Action item - Each line from the first line of the entries through the line holding "隧道半圆形拱距黑白几何拍片" is to be restated word for word; nothing else, and no picture, belongs in the answer.

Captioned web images
☆ ☆ ☆ ☆ ☆
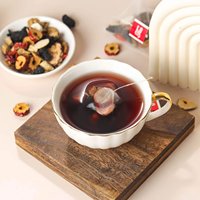 Tisane aux dix trésors de Ginseng OEM, mélange de dattes rouges, Maca, igname et Goji, 100% végétalienne, sans OGM, en vrac, 20 sachets de thé de 2g chacun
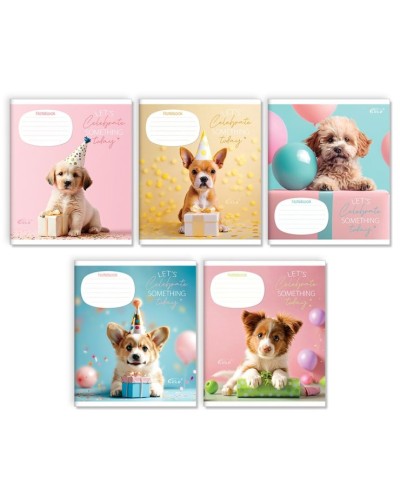 Зошит на 12 аркушів у лінію «Святковий день», №3502, ТМ Gold Brisk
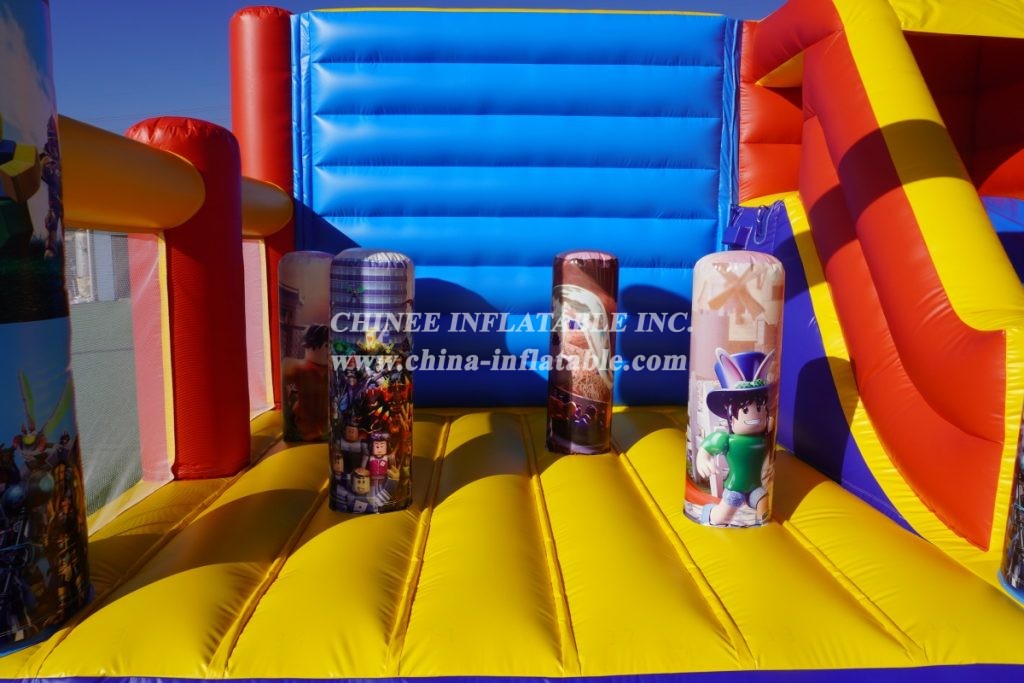 T2-3210C Roblox Themed Inflatable Bounce House With Slide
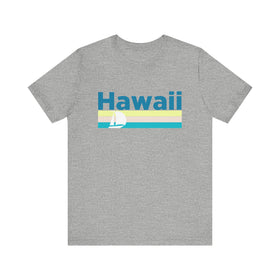 Hawaii T Shirt - Sailboat Graphic Hawaii Tee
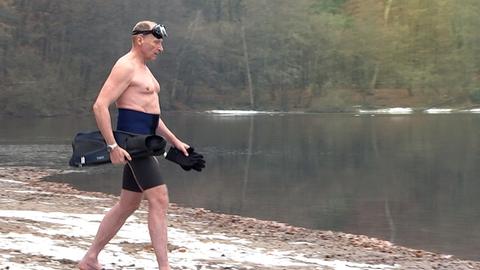 Roman Cerny Winterschwimmen Grube Prinz von Hessen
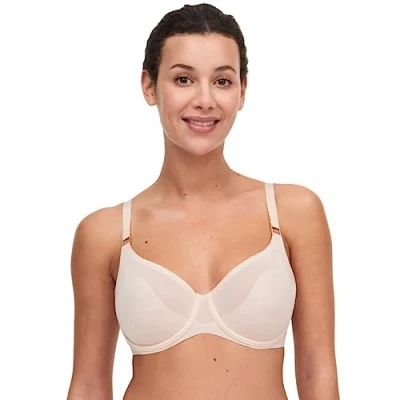 Image of Chantelle Women&#039;s Pure Light Underwire Bra, Nude Blush, 36DD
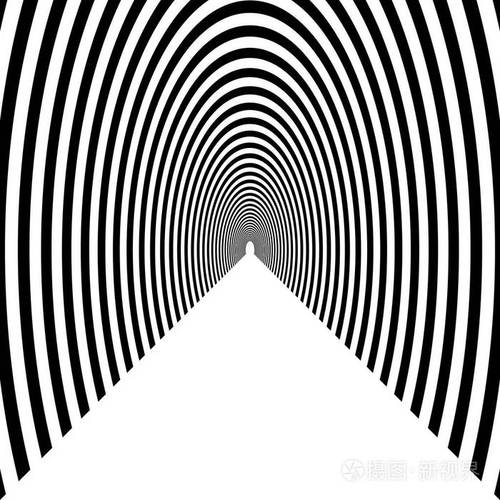 隧道半圆形拱距黑白几何拍片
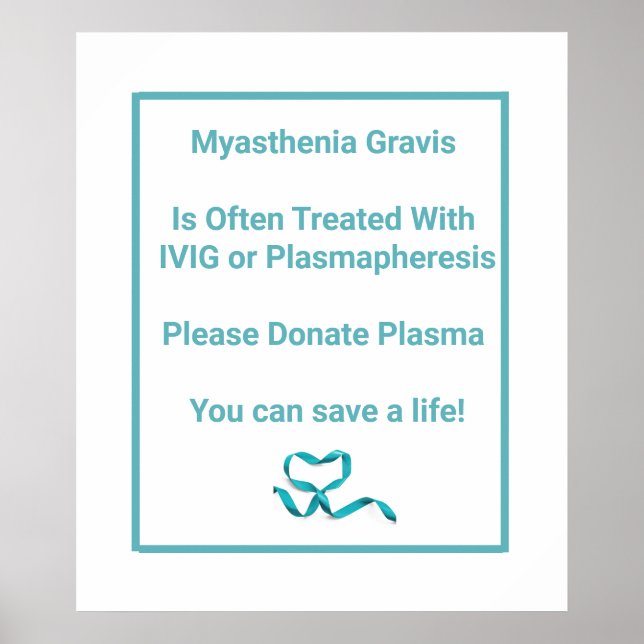 Affiche Sensibilisation à Myasthenia Gravis (Devant)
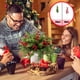 thumbnail image 1 of Simulation Of And Branches Red Berries Combination Christmas Needles Home Table Flower Arrangement Decorative Ornaments, 1 of 6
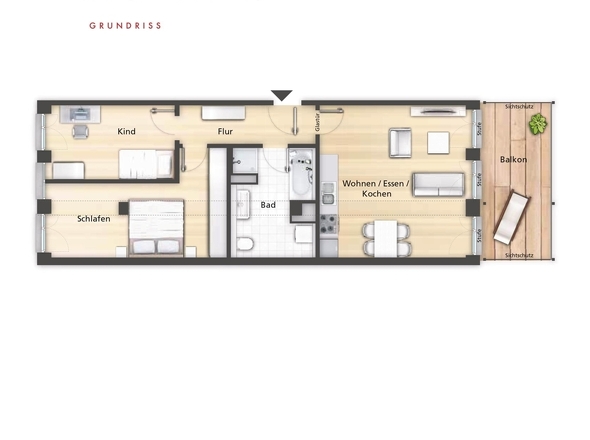 Grundriss m. Wfl.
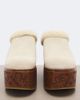 Chloe Chloé Maxime shearling-trimmed suede platform mules - 5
☆ ☆ ☆ ☆ ☆
Solution below -
 Tisane aux dix trésors de Ginseng OEM, mélange de dattes rouges, Maca, igname et Goji, 100% végétalienne, sans OGM, en vrac, 20 sachets de thé de 2g chacun
 Зошит на 12 аркушів у лінію «Святковий день», №3502, ТМ Gold Brisk
 T2-3210C Roblox Themed Inflatable Bounce House With Slide
 Hawaii T Shirt - Sailboat Graphic Hawaii Tee
 Roman Cerny Winterschwimmen Grube Prinz von Hessen
 Image of Chantelle Women&#039;s Pure Light Underwire Bra, Nude Blush, 36DD
 隧道半圆形拱距黑白几何拍片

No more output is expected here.